Les deux enseignements clés de l’arrêt du 9 avril 2026

  • 1️⃣ L'entrepreneur reste responsable de ses propres fautes : La Haute juridiction rappelle fermement qu'un constructeur est légalement tenu de livrer un ouvrage conforme au permis de construire et aux règles d'urbanisme en vigueur. Le manque de surveillance ou le silence de l'architecte ne saurait en aucun cas lever la responsabilité propre de l'entreprise. Les deux professionnels doivent impérativement assumer les conséquences de leurs fautes respectives.
  • 2️⃣ Assurance et oubli de déclaration de chantier : Le second volet de l'arrêt concernait le volet assurantiel. L'architecte n'avait pas déclaré ce chantier spécifique auprès de son assureur (la MAF). La Cour d'appel avait alors refusé d'appliquer une réduction de l'indemnité due par l'assureur, affirmant que le calcul technique de cette réduction proportionnelle n'était pas de l'office du juge. Erreur de droit, censure la Cour de cassation : si un risque n'est pas correctement déclaré, le juge a l'obligation légale de chiffrer lui-même la réduction proportionnelle de l'indemnité.

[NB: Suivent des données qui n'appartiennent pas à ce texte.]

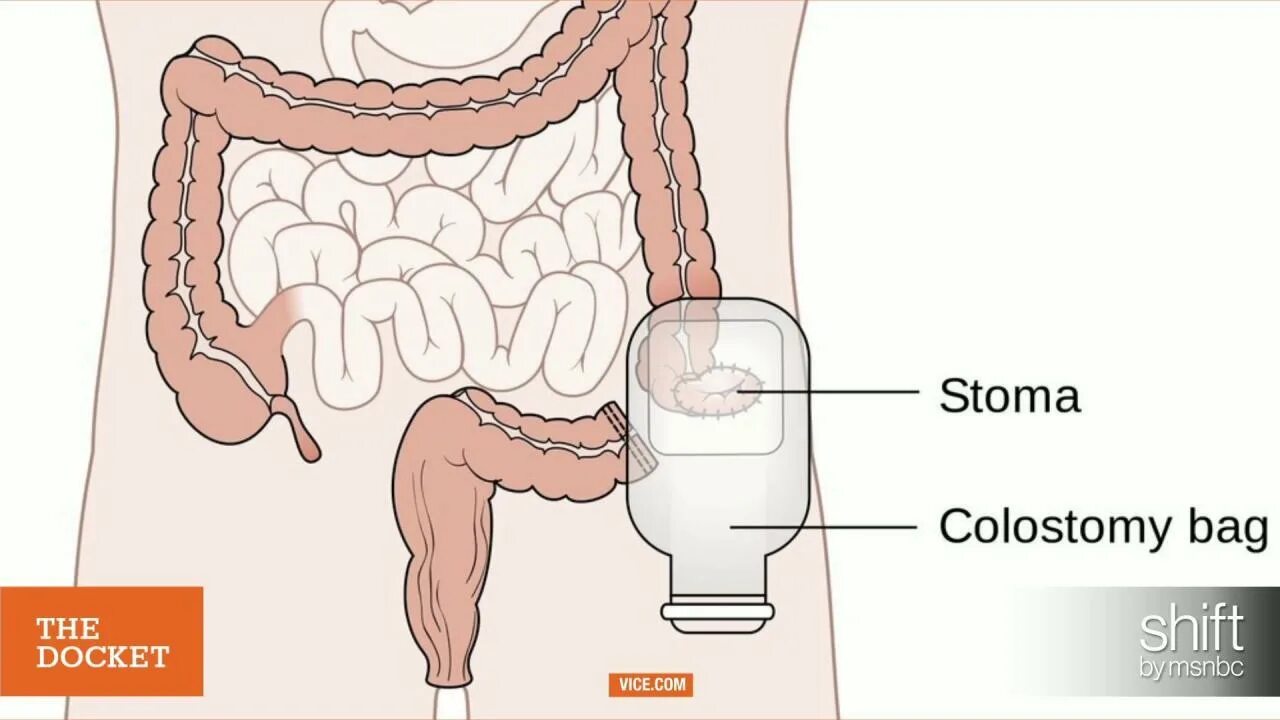 Колостома толстой кишки. Стома операция толстой кишки. Проксимальная колостома. Колостома Толстого кишечника. Как восстановить кишечник после операции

Ce qu’il faut retenir pour vos projets immobiliers

Les conséquences pratiques de cet arrêt sont majeures pour l'ensemble des acteurs de l'acte de construire :

🔹 Pour les entreprises de BTP : Vous êtes tenues à une stricte obligation de résultat. Vous ne pouvez plus vous dédouaner de vos erreurs d'implantation ou de conformité sous le seul prétexte que le maître d'œuvre n'a émis aucune réserve.

🔹 Pour les maîtres d'ouvrage (clients) : En cas de non-conformité constatée, vos recours sont désormais mieux sécurisés. Vous disposez du droit de vous retourner conjointement contre l'architecte ET contre l'entrepreneur pour obtenir réparation.

🔹 Pour les professionnels du secteur : Une vigilance accrue est requise concernant la déclaration de vos chantiers à vos assureurs, sous peine de voir vos indemnités drastiquement réduites par le juge en cas de survenance d'un sinistre ou d'un contentieux.